個別検証前にちょっと整理その2。

 この記事の続きなので復習。
 コントロールアプリの基本要素は以下の四つである。


①再生画面
現在再生している音源の情報を表示し、再生・停止・シークなどのコントロールを行う。

②プレイリスト
ライブラリから好き勝手に登録されたプレイリストを管理する。
曲順を編集したり、個別にプレイリストから曲を削除したり、全曲クリアしたりする。

③ブラウズ
サーバー内のライブラリを閲覧し、再生する音源を選び、プレイリストに登録する。

④機器の選択
プレーヤー(DLNAで言うところのDMR)とサーバー(DLNAで言うところのDMS)に何を使うかを選択する。


 これらを踏まえて、優れたコントロールアプリのインターフェース/デザインとはどのようなものであるか考えてみたい。

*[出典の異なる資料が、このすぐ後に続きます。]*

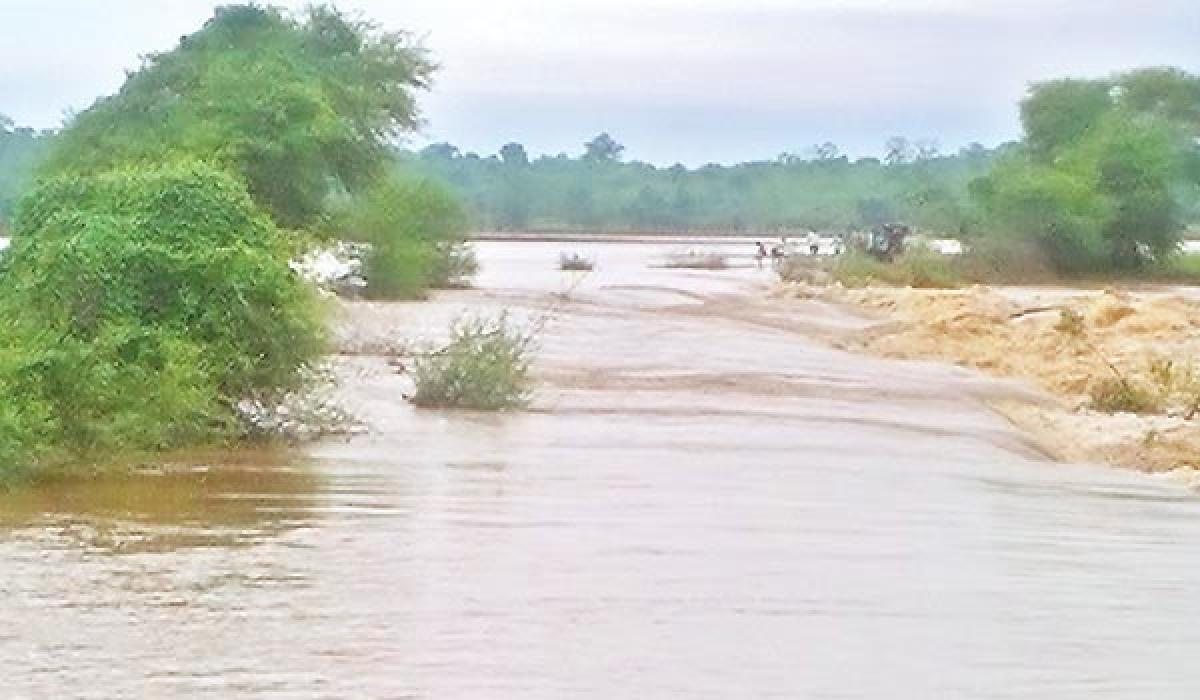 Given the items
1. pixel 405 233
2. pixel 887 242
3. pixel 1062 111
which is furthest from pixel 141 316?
pixel 1062 111

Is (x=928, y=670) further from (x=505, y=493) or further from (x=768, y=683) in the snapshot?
(x=505, y=493)

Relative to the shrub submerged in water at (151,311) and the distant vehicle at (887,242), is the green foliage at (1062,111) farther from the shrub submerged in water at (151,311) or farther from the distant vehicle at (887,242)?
the shrub submerged in water at (151,311)

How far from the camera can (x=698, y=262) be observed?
85.7m

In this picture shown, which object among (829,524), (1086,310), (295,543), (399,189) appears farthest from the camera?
(399,189)

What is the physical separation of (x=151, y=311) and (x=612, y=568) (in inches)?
303

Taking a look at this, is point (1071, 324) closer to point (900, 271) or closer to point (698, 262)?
point (900, 271)

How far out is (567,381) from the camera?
29.5 m

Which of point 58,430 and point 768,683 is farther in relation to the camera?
point 58,430

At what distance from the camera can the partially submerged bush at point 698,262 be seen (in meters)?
83.0

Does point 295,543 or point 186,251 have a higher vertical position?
point 186,251

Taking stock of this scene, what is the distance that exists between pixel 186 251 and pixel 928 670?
11061 mm

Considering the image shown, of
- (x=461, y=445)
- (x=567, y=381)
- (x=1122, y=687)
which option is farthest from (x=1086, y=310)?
(x=1122, y=687)

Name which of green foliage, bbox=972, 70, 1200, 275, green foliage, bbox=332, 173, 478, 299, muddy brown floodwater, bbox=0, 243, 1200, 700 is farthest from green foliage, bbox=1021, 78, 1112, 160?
muddy brown floodwater, bbox=0, 243, 1200, 700

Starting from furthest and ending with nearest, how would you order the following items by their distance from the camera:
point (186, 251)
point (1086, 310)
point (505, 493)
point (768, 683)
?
point (1086, 310) < point (186, 251) < point (505, 493) < point (768, 683) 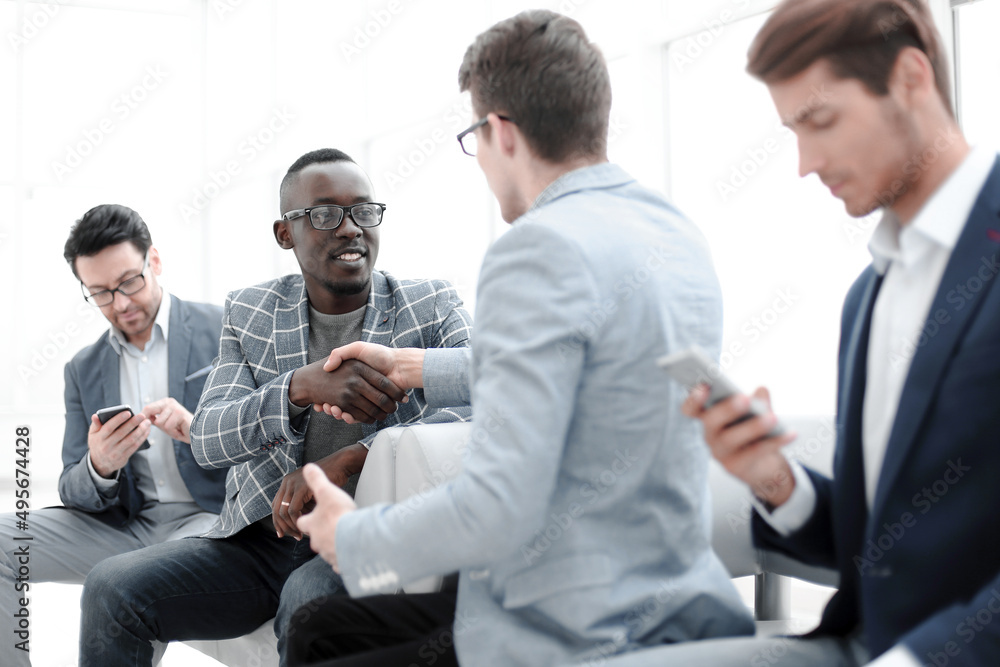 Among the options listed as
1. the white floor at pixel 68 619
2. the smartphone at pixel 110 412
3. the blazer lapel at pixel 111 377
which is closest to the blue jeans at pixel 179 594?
the smartphone at pixel 110 412

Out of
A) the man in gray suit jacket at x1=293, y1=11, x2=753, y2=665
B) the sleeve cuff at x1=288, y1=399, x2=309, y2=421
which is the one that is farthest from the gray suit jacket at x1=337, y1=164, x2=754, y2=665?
the sleeve cuff at x1=288, y1=399, x2=309, y2=421

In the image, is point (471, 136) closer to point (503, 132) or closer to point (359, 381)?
point (503, 132)

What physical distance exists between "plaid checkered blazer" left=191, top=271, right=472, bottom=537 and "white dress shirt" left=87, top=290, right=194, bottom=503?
0.71m

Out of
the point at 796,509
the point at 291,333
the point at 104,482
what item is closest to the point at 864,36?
the point at 796,509

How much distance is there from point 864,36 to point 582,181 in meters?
0.40

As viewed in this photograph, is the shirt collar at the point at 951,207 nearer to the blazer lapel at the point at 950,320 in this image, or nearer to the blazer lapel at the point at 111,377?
the blazer lapel at the point at 950,320

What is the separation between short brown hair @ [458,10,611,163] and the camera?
125 cm

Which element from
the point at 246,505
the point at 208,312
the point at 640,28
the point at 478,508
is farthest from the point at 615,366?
the point at 640,28

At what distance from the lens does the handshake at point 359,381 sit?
1823mm

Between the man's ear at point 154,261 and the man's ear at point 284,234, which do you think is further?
the man's ear at point 154,261

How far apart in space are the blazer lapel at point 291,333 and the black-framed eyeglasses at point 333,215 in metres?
0.21

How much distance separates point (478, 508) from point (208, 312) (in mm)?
2304

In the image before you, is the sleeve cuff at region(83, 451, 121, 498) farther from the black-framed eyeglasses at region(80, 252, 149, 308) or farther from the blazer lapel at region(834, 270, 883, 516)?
the blazer lapel at region(834, 270, 883, 516)

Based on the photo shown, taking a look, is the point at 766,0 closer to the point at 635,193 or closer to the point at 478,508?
the point at 635,193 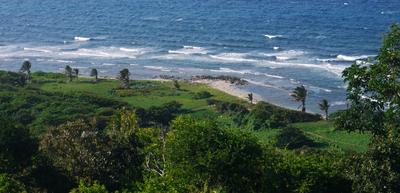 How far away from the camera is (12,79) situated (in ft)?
357

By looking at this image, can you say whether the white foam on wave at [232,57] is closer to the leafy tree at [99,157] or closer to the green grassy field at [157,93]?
the green grassy field at [157,93]

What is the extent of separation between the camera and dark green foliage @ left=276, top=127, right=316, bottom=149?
73062 mm

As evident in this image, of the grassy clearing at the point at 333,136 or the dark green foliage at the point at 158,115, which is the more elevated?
the dark green foliage at the point at 158,115

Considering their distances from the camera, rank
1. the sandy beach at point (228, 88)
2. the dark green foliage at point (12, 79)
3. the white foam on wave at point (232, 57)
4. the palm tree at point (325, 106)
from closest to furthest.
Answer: the palm tree at point (325, 106)
the sandy beach at point (228, 88)
the dark green foliage at point (12, 79)
the white foam on wave at point (232, 57)

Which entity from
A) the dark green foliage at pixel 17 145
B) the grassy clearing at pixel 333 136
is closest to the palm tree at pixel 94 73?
the grassy clearing at pixel 333 136

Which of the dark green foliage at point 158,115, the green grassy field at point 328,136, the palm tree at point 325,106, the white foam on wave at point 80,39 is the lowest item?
the green grassy field at point 328,136

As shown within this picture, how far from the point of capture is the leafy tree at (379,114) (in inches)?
915

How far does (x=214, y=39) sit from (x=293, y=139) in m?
71.0

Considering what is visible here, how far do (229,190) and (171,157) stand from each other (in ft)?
10.6

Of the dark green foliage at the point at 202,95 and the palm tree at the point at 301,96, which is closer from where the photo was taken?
the palm tree at the point at 301,96

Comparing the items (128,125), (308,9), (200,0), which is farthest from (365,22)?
(128,125)

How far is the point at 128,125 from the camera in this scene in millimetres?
54969

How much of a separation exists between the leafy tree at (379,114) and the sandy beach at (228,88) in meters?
74.4

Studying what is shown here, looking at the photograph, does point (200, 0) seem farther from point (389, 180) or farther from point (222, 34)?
point (389, 180) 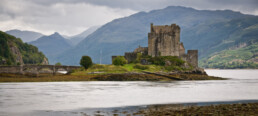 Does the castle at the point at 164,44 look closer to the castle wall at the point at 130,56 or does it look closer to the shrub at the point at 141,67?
the castle wall at the point at 130,56

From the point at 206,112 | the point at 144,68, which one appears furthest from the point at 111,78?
the point at 206,112

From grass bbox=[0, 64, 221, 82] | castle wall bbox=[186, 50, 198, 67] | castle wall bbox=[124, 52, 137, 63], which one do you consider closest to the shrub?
grass bbox=[0, 64, 221, 82]

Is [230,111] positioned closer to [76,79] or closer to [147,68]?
[76,79]

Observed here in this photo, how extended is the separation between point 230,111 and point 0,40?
18133 cm

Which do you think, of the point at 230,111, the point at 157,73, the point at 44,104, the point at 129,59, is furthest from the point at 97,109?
the point at 129,59

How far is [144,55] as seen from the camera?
137 m

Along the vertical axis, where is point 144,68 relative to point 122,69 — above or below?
above

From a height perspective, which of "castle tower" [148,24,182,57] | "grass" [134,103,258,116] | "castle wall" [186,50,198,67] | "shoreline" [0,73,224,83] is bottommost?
"grass" [134,103,258,116]

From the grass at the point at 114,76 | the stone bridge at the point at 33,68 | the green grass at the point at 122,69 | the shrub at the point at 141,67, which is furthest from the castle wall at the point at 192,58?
the stone bridge at the point at 33,68

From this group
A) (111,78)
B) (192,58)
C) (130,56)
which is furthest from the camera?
(192,58)

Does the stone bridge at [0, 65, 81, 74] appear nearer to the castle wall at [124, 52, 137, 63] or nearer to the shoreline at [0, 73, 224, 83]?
the shoreline at [0, 73, 224, 83]

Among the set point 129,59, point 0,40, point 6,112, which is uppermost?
point 0,40

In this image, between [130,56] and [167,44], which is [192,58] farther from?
[130,56]

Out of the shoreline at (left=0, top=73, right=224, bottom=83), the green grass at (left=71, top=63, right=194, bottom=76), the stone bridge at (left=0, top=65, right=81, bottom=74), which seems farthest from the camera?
the stone bridge at (left=0, top=65, right=81, bottom=74)
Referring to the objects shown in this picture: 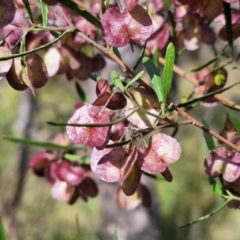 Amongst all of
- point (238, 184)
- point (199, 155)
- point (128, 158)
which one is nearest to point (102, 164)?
point (128, 158)

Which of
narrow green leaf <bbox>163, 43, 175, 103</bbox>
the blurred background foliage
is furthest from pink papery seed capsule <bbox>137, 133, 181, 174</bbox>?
the blurred background foliage

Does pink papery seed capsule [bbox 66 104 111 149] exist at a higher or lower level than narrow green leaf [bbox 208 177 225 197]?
higher

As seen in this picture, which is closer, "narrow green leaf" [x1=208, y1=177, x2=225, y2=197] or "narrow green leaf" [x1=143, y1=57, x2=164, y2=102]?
"narrow green leaf" [x1=143, y1=57, x2=164, y2=102]

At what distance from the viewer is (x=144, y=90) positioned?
453 millimetres

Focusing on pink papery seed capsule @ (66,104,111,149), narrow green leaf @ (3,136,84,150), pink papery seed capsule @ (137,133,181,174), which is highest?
pink papery seed capsule @ (66,104,111,149)

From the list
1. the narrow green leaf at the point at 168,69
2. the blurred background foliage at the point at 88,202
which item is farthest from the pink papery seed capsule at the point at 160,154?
the blurred background foliage at the point at 88,202

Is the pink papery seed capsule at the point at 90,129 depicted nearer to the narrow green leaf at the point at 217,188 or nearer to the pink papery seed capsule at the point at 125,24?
the pink papery seed capsule at the point at 125,24

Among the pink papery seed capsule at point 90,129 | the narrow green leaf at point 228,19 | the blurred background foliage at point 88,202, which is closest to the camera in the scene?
the pink papery seed capsule at point 90,129

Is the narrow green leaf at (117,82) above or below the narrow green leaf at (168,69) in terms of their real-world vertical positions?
below

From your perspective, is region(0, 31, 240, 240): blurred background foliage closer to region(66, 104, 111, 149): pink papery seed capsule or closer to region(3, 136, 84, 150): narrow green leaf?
region(3, 136, 84, 150): narrow green leaf

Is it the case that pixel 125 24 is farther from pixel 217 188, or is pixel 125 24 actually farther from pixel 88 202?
pixel 88 202

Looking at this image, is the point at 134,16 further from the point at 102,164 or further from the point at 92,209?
the point at 92,209

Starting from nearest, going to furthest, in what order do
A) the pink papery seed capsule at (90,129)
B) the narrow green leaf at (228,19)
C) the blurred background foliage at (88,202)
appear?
the pink papery seed capsule at (90,129), the narrow green leaf at (228,19), the blurred background foliage at (88,202)

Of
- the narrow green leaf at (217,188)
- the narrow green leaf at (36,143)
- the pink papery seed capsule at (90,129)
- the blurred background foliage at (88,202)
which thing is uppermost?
the pink papery seed capsule at (90,129)
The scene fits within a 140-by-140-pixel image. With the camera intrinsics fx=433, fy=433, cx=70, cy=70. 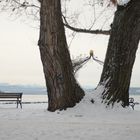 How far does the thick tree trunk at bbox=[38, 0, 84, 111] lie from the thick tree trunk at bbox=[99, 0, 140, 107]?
142 cm

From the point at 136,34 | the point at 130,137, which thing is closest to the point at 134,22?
the point at 136,34

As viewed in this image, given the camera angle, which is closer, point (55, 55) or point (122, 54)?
point (55, 55)

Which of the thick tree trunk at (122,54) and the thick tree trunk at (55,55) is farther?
the thick tree trunk at (122,54)

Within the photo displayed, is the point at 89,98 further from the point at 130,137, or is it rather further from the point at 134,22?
the point at 130,137

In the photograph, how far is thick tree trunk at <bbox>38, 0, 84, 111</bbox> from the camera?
14.0 m

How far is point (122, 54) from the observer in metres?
14.5

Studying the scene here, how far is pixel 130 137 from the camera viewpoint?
26.8ft

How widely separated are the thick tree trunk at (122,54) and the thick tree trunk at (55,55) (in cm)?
142

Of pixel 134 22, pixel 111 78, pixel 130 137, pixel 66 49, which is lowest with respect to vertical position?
pixel 130 137

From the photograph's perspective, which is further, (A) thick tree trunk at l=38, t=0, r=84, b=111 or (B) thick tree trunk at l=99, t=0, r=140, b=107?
(B) thick tree trunk at l=99, t=0, r=140, b=107

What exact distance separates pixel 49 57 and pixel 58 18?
4.30ft

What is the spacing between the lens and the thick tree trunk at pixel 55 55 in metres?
14.0

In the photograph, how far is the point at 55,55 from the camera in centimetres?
1403

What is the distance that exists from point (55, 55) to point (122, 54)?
89.8 inches
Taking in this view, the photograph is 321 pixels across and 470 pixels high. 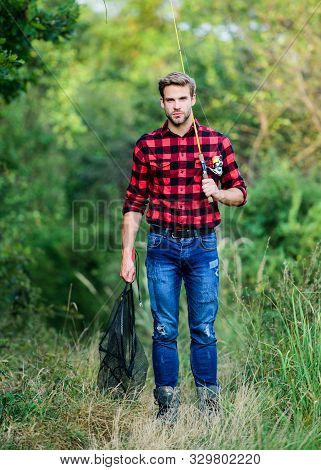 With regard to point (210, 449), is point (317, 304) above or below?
above

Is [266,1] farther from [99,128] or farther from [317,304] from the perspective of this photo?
[317,304]

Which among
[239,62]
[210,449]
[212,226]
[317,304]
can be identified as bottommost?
[210,449]

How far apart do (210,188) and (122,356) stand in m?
1.20

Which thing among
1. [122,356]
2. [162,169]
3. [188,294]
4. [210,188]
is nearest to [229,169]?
[210,188]

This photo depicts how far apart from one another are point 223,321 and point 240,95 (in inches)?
229

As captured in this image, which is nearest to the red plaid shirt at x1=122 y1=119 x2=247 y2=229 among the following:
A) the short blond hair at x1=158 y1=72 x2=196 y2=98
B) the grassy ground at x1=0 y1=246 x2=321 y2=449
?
the short blond hair at x1=158 y1=72 x2=196 y2=98

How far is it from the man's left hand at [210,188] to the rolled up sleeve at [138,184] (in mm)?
434

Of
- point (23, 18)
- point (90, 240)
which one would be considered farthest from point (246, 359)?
point (90, 240)

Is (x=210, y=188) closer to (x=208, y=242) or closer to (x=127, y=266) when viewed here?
(x=208, y=242)

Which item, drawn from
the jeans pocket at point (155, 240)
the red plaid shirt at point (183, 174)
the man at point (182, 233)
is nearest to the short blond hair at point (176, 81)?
the man at point (182, 233)

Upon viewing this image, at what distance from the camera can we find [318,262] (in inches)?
182

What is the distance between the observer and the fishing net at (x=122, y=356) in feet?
13.5

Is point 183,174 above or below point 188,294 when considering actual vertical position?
above

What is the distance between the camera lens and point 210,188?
3721 mm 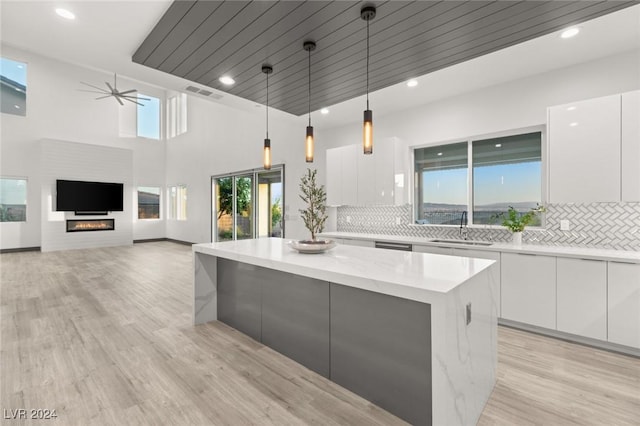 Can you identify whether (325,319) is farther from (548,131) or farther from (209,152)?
(209,152)

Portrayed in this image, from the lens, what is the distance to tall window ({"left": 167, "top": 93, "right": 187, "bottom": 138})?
10.3 metres

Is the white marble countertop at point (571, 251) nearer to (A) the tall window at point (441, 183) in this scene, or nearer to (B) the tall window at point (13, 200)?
(A) the tall window at point (441, 183)

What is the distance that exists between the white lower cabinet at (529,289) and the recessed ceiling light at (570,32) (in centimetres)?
210

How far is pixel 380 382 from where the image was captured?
75.2 inches

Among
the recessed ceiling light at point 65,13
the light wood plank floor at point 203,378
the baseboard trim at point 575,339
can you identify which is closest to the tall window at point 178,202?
the light wood plank floor at point 203,378

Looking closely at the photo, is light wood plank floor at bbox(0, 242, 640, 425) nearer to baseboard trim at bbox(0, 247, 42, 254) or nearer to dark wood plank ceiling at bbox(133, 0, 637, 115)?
dark wood plank ceiling at bbox(133, 0, 637, 115)

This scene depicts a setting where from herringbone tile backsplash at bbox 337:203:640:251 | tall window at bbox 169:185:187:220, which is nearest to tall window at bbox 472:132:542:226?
herringbone tile backsplash at bbox 337:203:640:251

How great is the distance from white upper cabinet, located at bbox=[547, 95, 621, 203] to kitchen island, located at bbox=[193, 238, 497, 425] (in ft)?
5.71

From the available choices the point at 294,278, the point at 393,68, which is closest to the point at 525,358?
the point at 294,278

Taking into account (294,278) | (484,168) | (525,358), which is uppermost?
(484,168)

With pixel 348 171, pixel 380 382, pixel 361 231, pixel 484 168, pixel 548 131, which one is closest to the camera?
pixel 380 382

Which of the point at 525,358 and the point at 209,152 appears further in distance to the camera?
the point at 209,152

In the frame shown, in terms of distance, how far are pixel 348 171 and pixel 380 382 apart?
3571 mm

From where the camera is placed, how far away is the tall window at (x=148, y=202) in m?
10.7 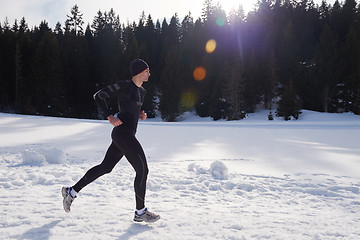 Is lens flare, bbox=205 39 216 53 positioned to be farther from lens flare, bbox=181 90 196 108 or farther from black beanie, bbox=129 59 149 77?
black beanie, bbox=129 59 149 77

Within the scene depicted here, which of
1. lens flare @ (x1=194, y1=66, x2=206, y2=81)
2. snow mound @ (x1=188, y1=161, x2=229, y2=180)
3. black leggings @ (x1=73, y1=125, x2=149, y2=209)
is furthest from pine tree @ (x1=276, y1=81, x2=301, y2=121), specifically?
black leggings @ (x1=73, y1=125, x2=149, y2=209)

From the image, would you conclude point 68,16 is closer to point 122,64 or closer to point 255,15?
point 122,64

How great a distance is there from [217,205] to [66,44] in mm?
48300

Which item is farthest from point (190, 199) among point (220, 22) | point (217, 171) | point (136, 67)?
point (220, 22)

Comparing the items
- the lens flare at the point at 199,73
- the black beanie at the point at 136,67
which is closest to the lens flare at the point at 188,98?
the lens flare at the point at 199,73

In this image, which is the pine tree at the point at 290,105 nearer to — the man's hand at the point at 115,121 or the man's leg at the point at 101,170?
the man's leg at the point at 101,170

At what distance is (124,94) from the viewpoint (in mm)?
3242

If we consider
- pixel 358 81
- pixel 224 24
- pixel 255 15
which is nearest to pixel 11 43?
pixel 224 24

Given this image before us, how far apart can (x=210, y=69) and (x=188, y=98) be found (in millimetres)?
5702

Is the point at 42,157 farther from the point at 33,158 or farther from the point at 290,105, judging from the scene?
the point at 290,105

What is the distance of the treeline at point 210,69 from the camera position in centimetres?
3719

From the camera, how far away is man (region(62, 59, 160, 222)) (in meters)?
3.14

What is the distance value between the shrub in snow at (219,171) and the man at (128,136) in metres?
2.48

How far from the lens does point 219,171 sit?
546cm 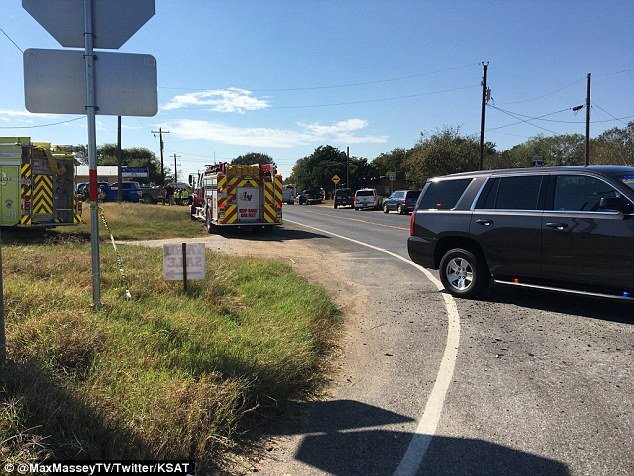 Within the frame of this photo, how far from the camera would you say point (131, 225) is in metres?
19.9

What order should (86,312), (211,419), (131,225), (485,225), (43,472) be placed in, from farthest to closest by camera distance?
(131,225) → (485,225) → (86,312) → (211,419) → (43,472)

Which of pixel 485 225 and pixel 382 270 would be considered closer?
pixel 485 225

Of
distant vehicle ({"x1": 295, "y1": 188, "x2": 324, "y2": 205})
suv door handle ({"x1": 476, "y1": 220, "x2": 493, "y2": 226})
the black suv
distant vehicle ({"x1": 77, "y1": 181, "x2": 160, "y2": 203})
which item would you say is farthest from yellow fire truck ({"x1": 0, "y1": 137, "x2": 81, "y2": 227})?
distant vehicle ({"x1": 295, "y1": 188, "x2": 324, "y2": 205})

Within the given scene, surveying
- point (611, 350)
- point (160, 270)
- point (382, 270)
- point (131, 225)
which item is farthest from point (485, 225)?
point (131, 225)

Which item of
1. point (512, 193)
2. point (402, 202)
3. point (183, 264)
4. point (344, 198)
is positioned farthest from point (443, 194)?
point (344, 198)

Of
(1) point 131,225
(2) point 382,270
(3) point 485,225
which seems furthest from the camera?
(1) point 131,225

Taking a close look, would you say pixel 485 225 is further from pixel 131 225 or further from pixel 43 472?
pixel 131 225

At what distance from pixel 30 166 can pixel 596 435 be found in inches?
577

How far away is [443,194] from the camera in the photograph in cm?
818

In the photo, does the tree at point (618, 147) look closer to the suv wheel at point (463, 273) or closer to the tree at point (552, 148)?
the suv wheel at point (463, 273)

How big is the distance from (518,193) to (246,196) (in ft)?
40.4

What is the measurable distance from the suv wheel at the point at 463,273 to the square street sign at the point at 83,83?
4.91 meters

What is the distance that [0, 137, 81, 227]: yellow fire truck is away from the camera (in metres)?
13.4

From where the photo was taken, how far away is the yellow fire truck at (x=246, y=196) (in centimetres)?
1789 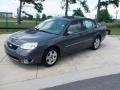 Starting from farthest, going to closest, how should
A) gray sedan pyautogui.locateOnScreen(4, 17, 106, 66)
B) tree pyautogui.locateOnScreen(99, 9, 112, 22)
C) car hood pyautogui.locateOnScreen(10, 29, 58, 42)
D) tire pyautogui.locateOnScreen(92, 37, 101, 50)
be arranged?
tree pyautogui.locateOnScreen(99, 9, 112, 22) → tire pyautogui.locateOnScreen(92, 37, 101, 50) → car hood pyautogui.locateOnScreen(10, 29, 58, 42) → gray sedan pyautogui.locateOnScreen(4, 17, 106, 66)

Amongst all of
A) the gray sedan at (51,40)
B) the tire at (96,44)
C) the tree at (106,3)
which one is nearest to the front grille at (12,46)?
the gray sedan at (51,40)

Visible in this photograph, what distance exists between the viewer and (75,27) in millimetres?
9383

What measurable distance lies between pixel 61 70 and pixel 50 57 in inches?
22.4

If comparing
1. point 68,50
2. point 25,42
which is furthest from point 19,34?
point 68,50

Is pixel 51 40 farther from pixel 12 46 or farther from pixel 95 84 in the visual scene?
pixel 95 84

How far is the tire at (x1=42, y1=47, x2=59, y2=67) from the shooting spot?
786 centimetres

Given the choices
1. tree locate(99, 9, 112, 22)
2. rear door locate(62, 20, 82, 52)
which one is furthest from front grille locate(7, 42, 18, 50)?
tree locate(99, 9, 112, 22)

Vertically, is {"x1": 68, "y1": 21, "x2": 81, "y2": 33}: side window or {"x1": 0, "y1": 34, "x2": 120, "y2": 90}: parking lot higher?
{"x1": 68, "y1": 21, "x2": 81, "y2": 33}: side window

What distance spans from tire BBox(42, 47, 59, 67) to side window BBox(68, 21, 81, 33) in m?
1.17

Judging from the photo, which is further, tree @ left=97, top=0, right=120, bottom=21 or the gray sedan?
tree @ left=97, top=0, right=120, bottom=21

 これは私見だが、コントロールアプリのインターフェース/デザインの善し悪しは、スマホ版よりもタブレット版において顕著に表れるように思う。
 解像度ではなく物理的な画面サイズの問題で、一度に表示できる情報量が異なるからだ。

 スマホ版のコントロールアプリでは多くの場合、PlugPlayerのように上記の基本要素それぞれに画面を用意するか、あるいは再生画面とプレイリストをまとめたり、ブラウズ画面の一番最初に機器(サーバー)の選択を持ってきたりする。いずれにせよ、スマホ版では、一つの画面にすべての要素を集約することはまず無理だ。昨今のでかスマホならば、その超高解像度を活かして情報を詰め込むこと自体は可能かもしれないが、そうすると今度は各項目が小さくなりすぎて「指で操作できない」という問題が生じる。指先で操作する以上、物理的なサイズはどうしても必要になる。

 では、タブレット版は?

 ……その前に、四つの基本要素の中で、普段使いにおいて特に重要なものは何だろうか。
 ①再生画面、②プレイリスト、③ブラウズ、この三つである。さらに言えば、一番触るのは③のブラウズだ。
 ④機器の選択については、正直なところあまり重要度は高くない。例えばジャンルごとに複数のサーバーを運用していて頻繁に切り替えるなんて言うなら話は別だが、通常であれば、プレーヤーもサーバーも一度選んでしまえばそうそう変更することはないはずだ。少なくとも、頻繁にアクセスするようなものではない。

 このことを踏まえたうえで、またアプリの実画面を見てもらいたい。

 まず、例によってPlugPlayer。今度は縦画面。
20141113-12
 スマホ版がそのままでかくなっただけ。
 ②③④は左上のボタンを押して呼び出す格好。


 次に、私が「このアプリはインターフェース/デザインが素敵」と思うアプリをいくつか例示する。


 SongBook Lite
20141113-10

 Kinsky
20141113-9

 ChorusDS HD
20141113-11

 LUMIN App
20141113-8


 おわかりいただけただろうか。

 ん?
 駄目?

 ならこうしてみるとどうだろう。


 SongBook Lite
20141113-10-2

 Kinsky
20141113-9-2

 ChorusDS HD
20141113-11-2

 LUMIN App
20141113-8-2


 上に示した四つのアプリは、赤:①再生画面、青:②プレイリスト、緑:③ブラウズ、この三つの要素を一画面に整然と集約している。
 すなわち、日常的な音楽再生に必要な機能――聴きたい音源を選ぶ、プレイリストを管理編集する、再生をコントロールする――がすべてこの画面に集約されており、いちいち他の画面に切り替える必要がない。
 このことは、実際に操作をするうえで、大きな快適さを生む。タブレットだからこそ実現できる快適さと言える。


 今回のアプリ検証では、インターフェース/デザインも評価項目となる。
 何を考えて評価するかは、この記事で示したつもりである。